Even with all that, however, South Whidbey eked out a set win, even if it took them three ties to nab the deciding point against the pesky Wolves.

If the fifth and deciding set was the shortest, as the high school mercy rule dictated it only go to 15 and not 25, it still managed to pack in just as many plot twists and stunning reversals as the first four frames.

At first, the Falcons, riding a high coming out of the fourth set, seemed like they would run away with things, jumping out to a quick 5-2 lead.

The SWHS student section was rockin’.

But “Smashley” was … smashing.

Menges laced a winner that sliced off a few fingers as it carved its path of destruction, before Davidson and Scout Smith teamed up on a stuff, and the Wolves were on the comeback trail.

Cue the angina and the fingernail-chewin’, as the two squads fought through five ties down the final stretch run.

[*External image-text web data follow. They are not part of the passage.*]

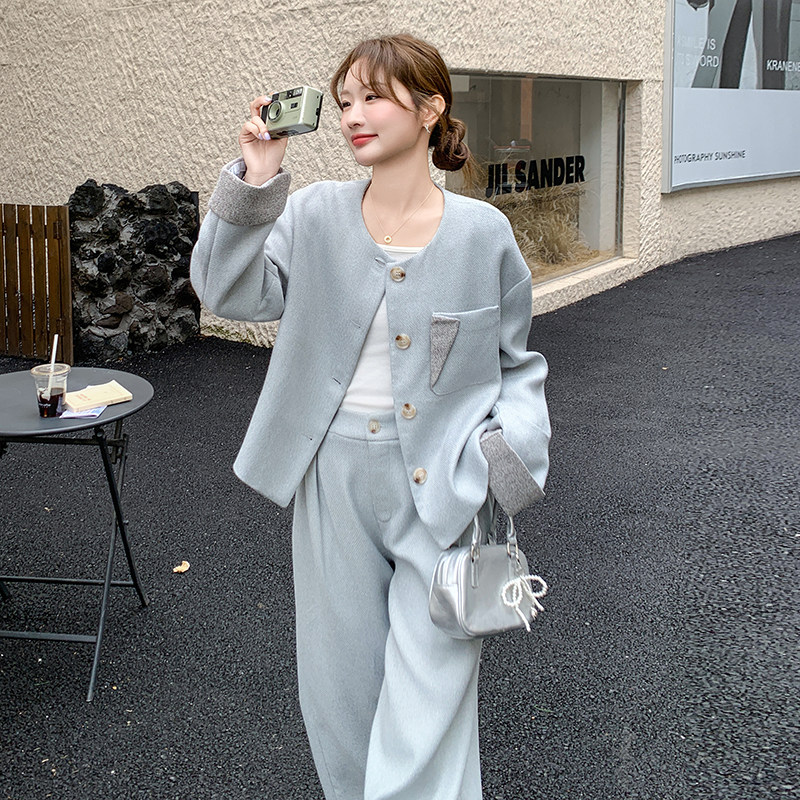 高级感小众浅蓝色西服套装女春秋季2025新款宽松显瘦阔腿裤两件套图片
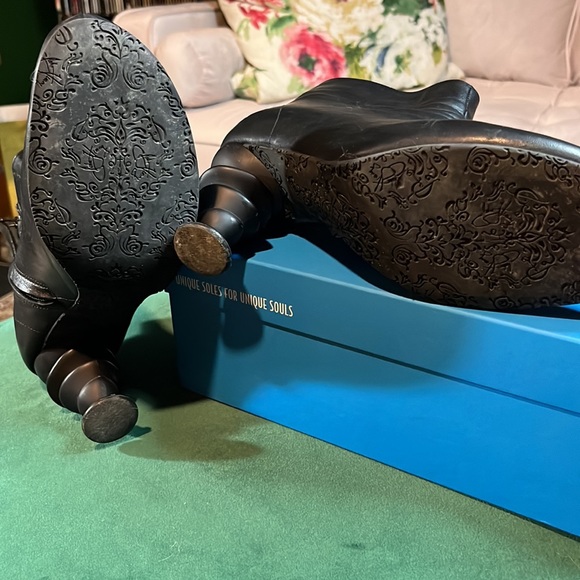 Black booties with head turning heels. John Fluevog size 9.5 butter soft leather - Picture 5 of 8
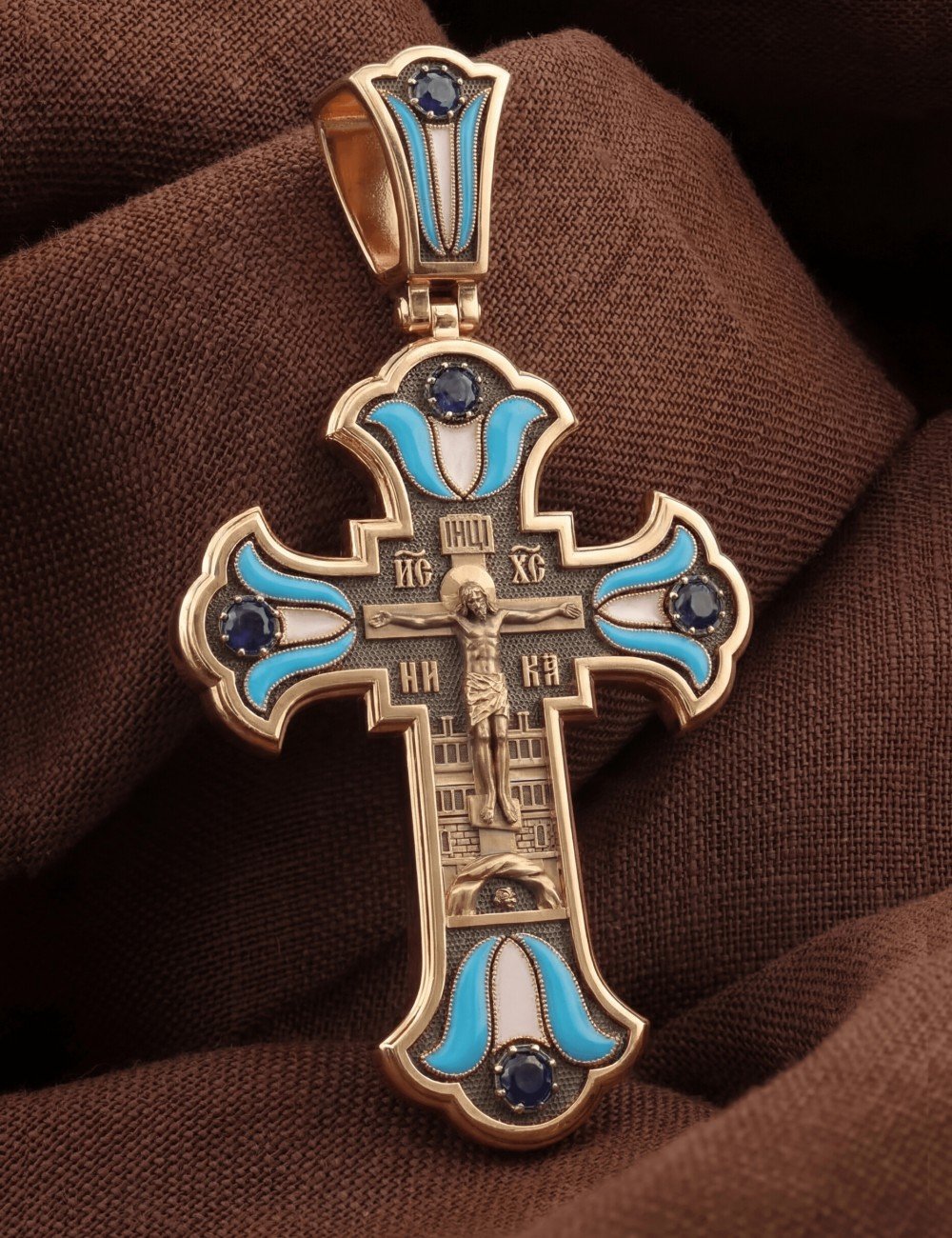 Крест из золота c эмалью и сапфиром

The last stalemate came at 11-11, and it came courtesy Emma Smith, who buried a huge spike that tore up the right corner, exploding at the feet of a volunteer lineman who had been super-enthusiastic on pro-Falcon calls all night.

This time, not so happy.

Nice.

As good as her teammates had been around her all night — and they were very good, from Scout Smith doling out 27 assists to Emma Mathusek scraping 17 digs off the floor — in the final moments, it was time for the birthday girl to blow out all the candles by snuffing every last Falcon hope and dream.

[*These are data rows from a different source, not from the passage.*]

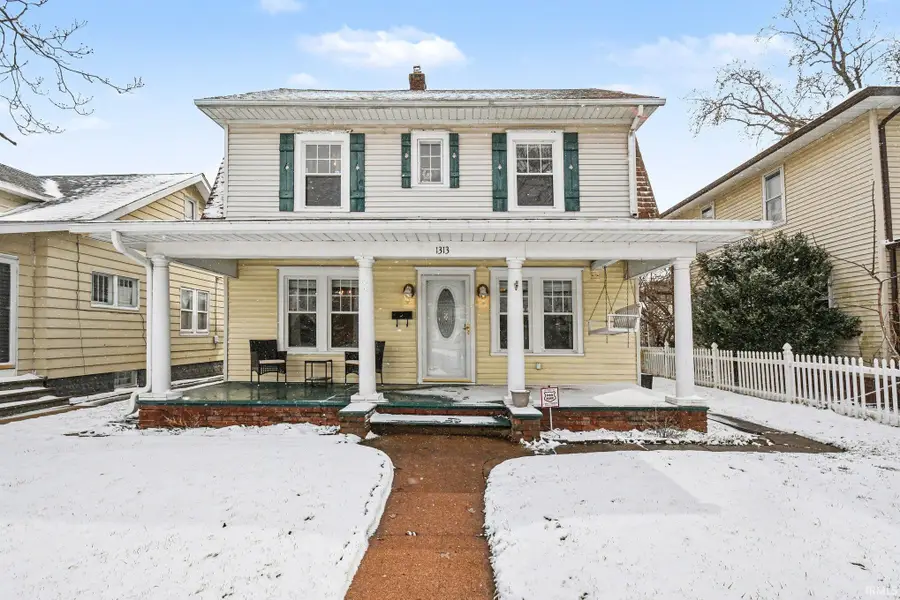 1313 E Mishawaka Avenue, Mishawaka, IN 46544 - #2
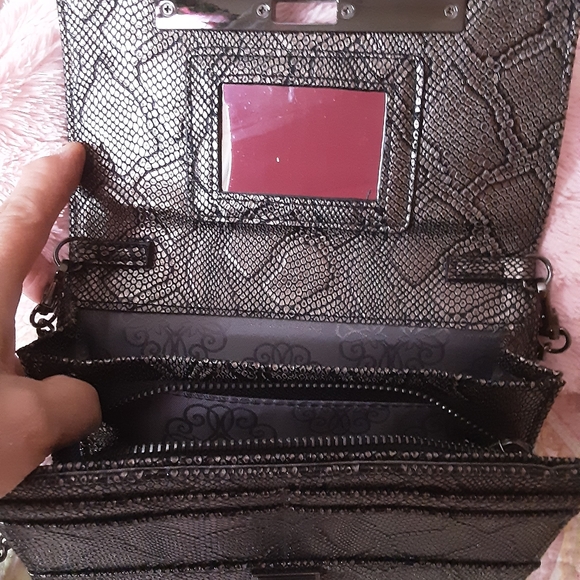 Three Bag and One Wallet. Selling as a bundle. - Picture 7 of 9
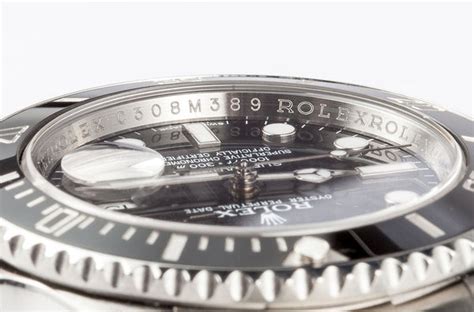 rolex submariner seriale n|rolex serial number inside bezel.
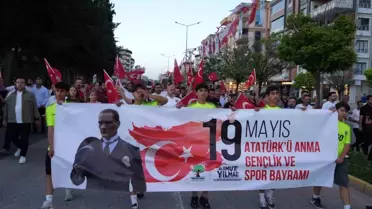 Gaziantep'te 19 Mayıs 'Bayraklı Gençlik Yürüyüşü' ile kutlandı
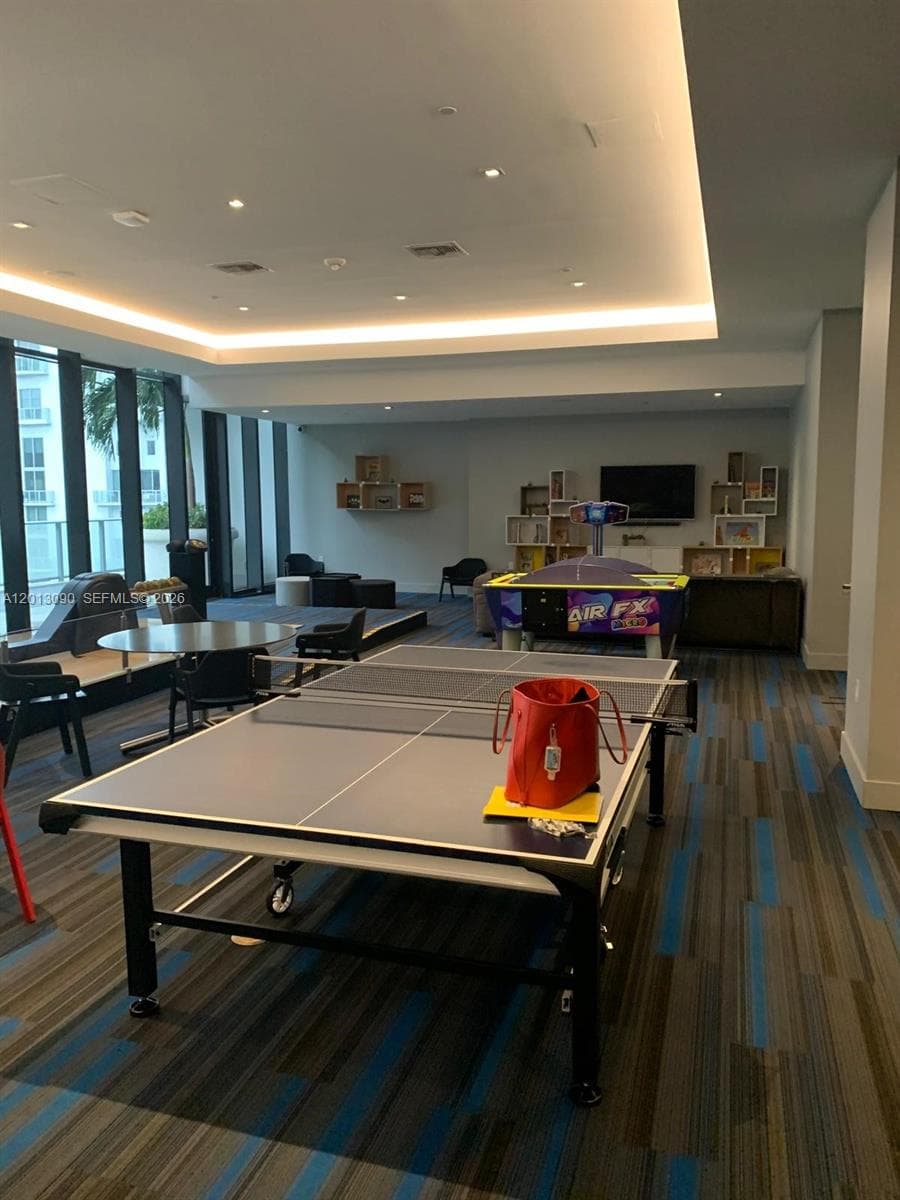1010 Brickell Ave # 3704, Miami FL 33131 — 34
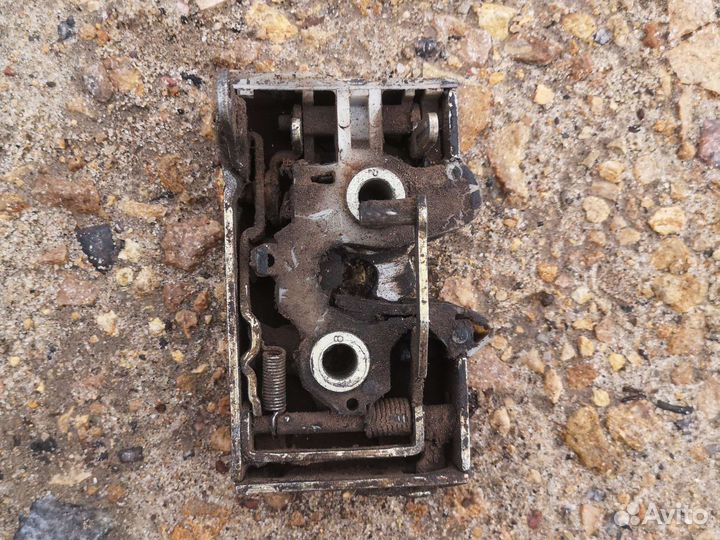 Замок задний правый Audi 100C3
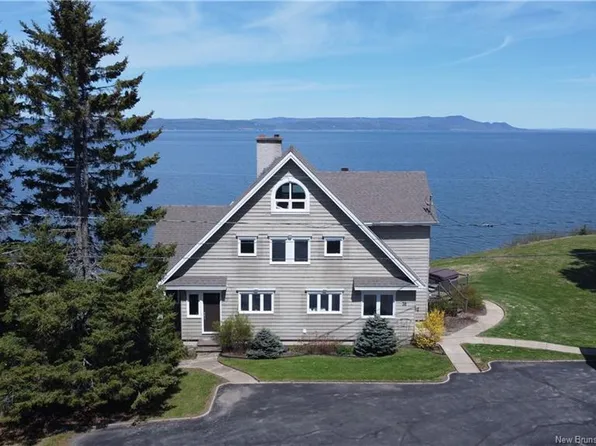30 Reid Rd, Charlo, NB E8E 2R2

She followed the spike with a stuff at the net to give CHS a lead it would never relinquish, and then came about as perfect a moment as you can get without operating off a script.

South Whidbey, down 14-12, put the ball into play, and the rally went on, and then on some more, 12 players fighting to their last drop of sweat.

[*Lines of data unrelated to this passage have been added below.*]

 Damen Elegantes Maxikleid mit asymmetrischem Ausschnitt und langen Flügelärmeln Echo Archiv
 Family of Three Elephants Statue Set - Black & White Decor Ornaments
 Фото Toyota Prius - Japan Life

In the stands, Konni Smith, her voice strained by a night of screaming for her daughter, suddenly found one final holler.

Because, out there on the court, Emma Smith, twirling into the air, arms above her, fingertips quivering with anticipation, found the ball in mid-flight, stopped time, and flicked the biggest shot she’s nailed in a career full of nailing big shots.

The ball hit the ground, the Falcons whiffed, Konni and associates lost their minds and Emma’s cool as a cucumber younger sister, Savannah, almost looked up from her phone.

Almost.

Down on the court, after the celebration, the hugs, the screams, and a few words from their busting-with-pride coach, the Wolves exited the gym the way they entered.

As a tightly-knit group of strong young women who are buying into their roles, sacrificing for each other and enjoying the ride, a win and a cupcake at a time.